Segment Start: Listed entries

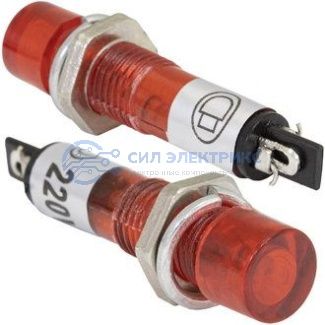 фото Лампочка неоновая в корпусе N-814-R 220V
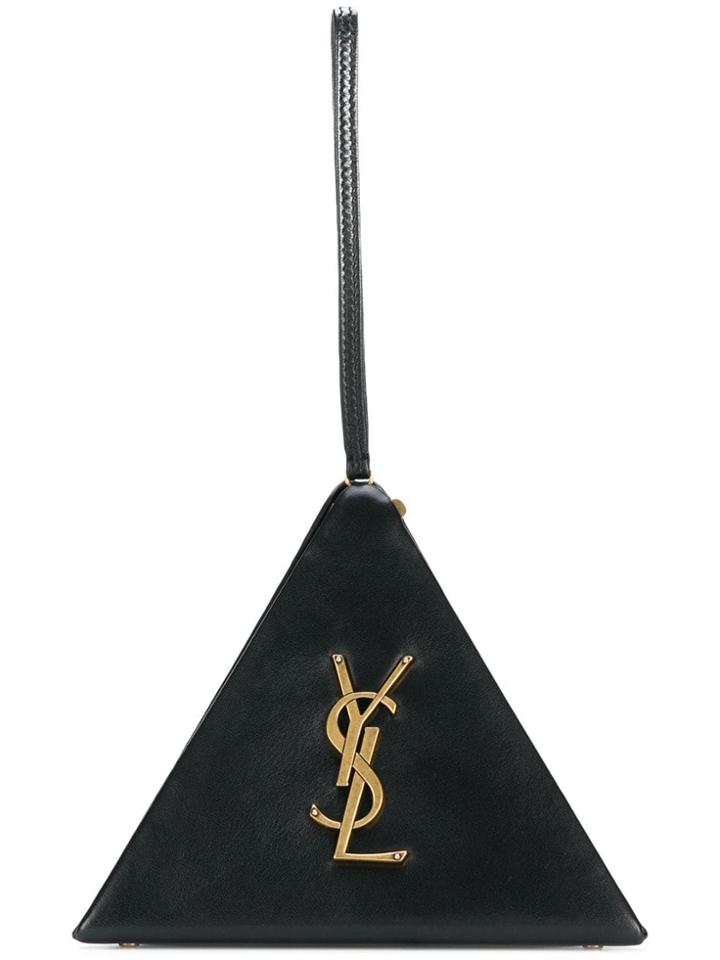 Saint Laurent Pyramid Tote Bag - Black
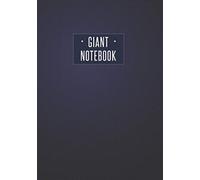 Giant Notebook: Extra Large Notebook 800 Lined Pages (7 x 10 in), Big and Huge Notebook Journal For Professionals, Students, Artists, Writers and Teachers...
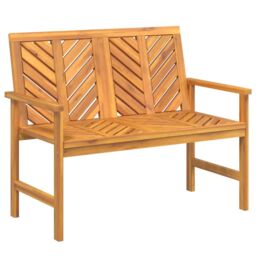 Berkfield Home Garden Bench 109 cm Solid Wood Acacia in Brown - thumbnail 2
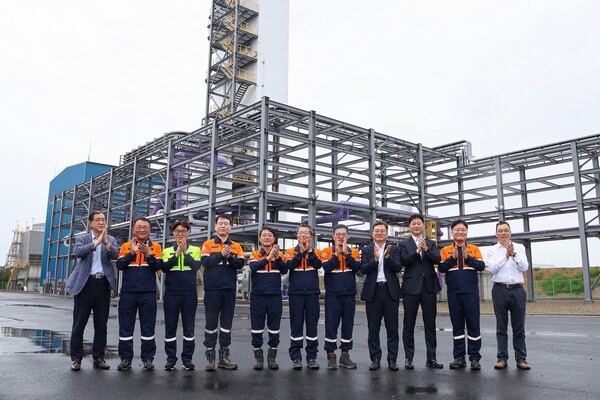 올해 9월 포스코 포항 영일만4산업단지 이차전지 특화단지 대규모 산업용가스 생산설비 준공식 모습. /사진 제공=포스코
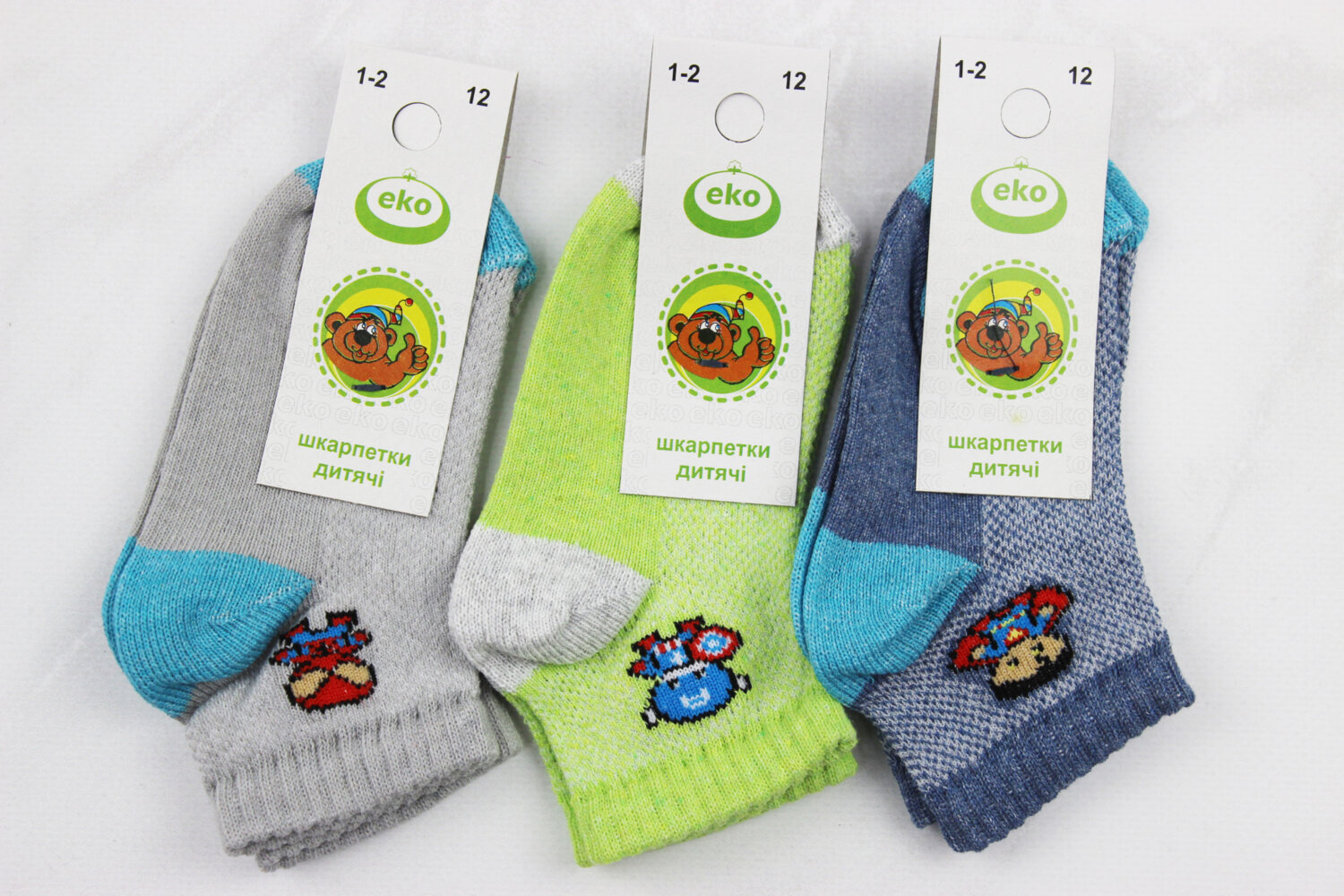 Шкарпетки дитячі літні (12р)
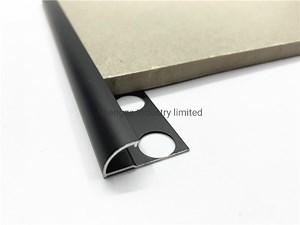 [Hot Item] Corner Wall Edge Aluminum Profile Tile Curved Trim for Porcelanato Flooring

Segment End: Listed entries

**Problem details:**
The records above should be returned word for word, with every picture left out.

**Task response:**
 фото Лампочка неоновая в корпусе N-814-R 220V
 Saint Laurent Pyramid Tote Bag - Black
 Giant Notebook: Extra Large Notebook 800 Lined Pages (7 x 10 in), Big and Huge Notebook Journal For Professionals, Students, Artists, Writers and Teachers...
 Berkfield Home Garden Bench 109 cm Solid Wood Acacia in Brown - thumbnail 2
 올해 9월 포스코 포항 영일만4산업단지 이차전지 특화단지 대규모 산업용가스 생산설비 준공식 모습. /사진 제공=포스코
 Шкарпетки дитячі літні (12р)
 [Hot Item] Corner Wall Edge Aluminum Profile Tile Curved Trim for Porcelanato Flooring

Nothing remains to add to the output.